>>>>>

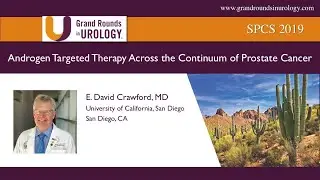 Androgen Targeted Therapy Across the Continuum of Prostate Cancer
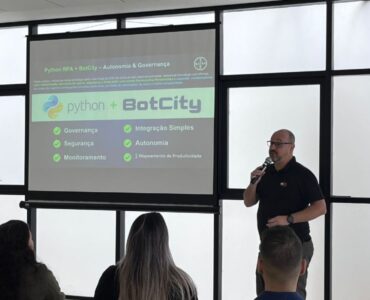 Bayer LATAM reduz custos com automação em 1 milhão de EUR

<<<<<
>>>>>

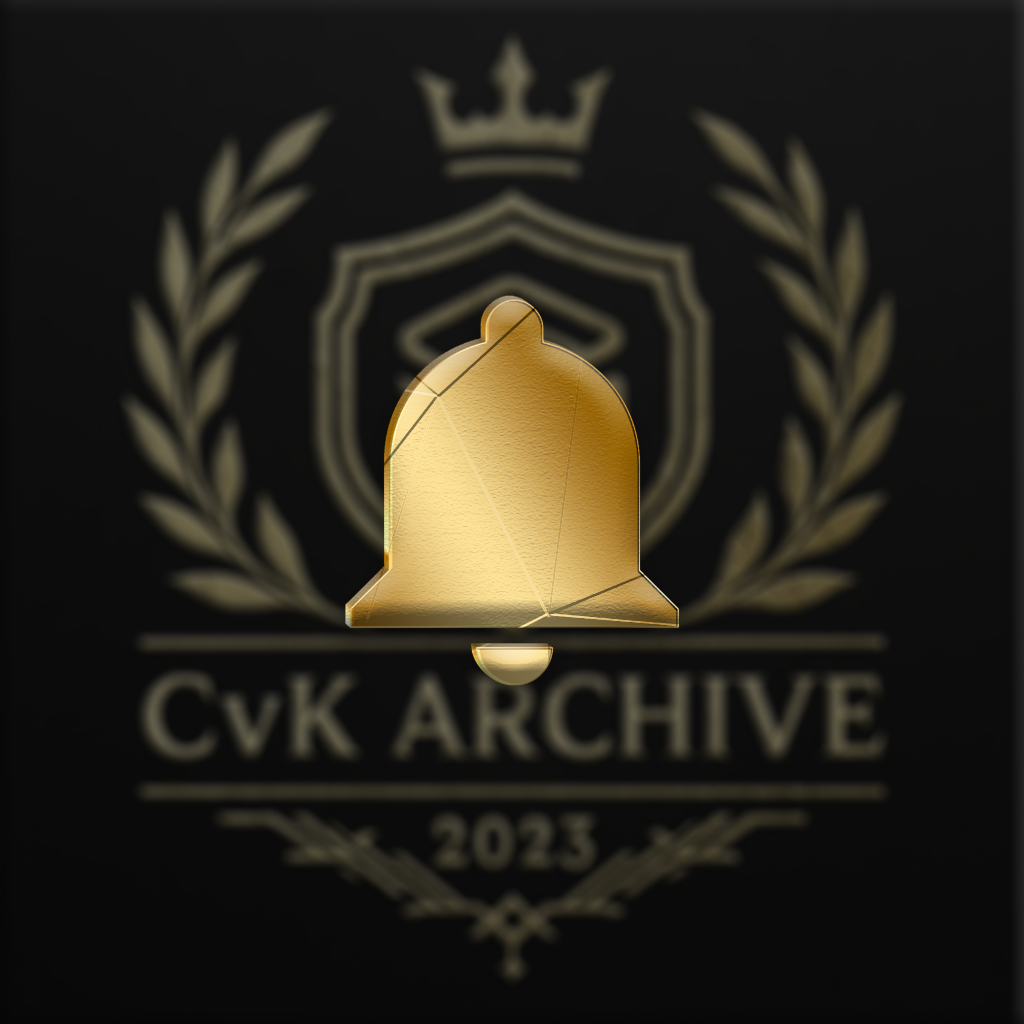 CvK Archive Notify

<<<<<
>>>>>

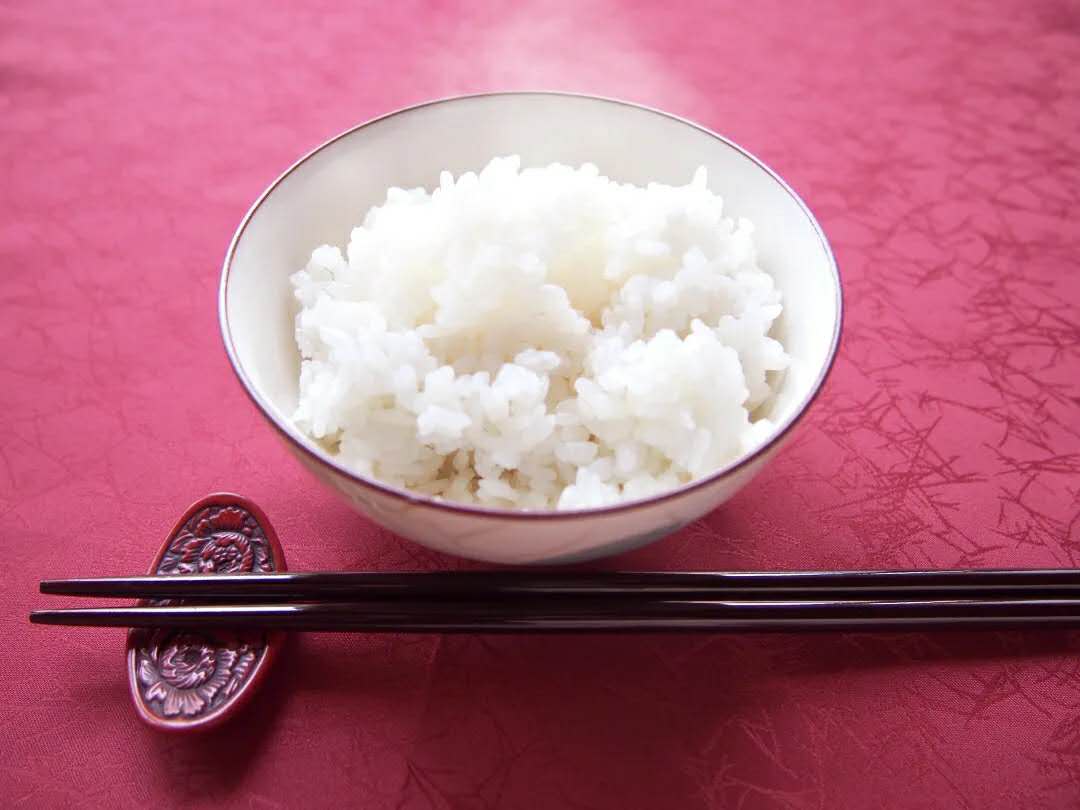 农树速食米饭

<<<<<

For this exercise, please set down exactly the lines of the listing above from the line with "Androgen Targeted Therapy" up to and including the line with "Bayer LATAM reduz", and no pictures.

▶ [RESPONSE TO THE EXERCISE]
 Androgen Targeted Therapy Across the Continuum of Prostate Cancer
 Bayer LATAM reduz custos com automação em 1 milhão de EUR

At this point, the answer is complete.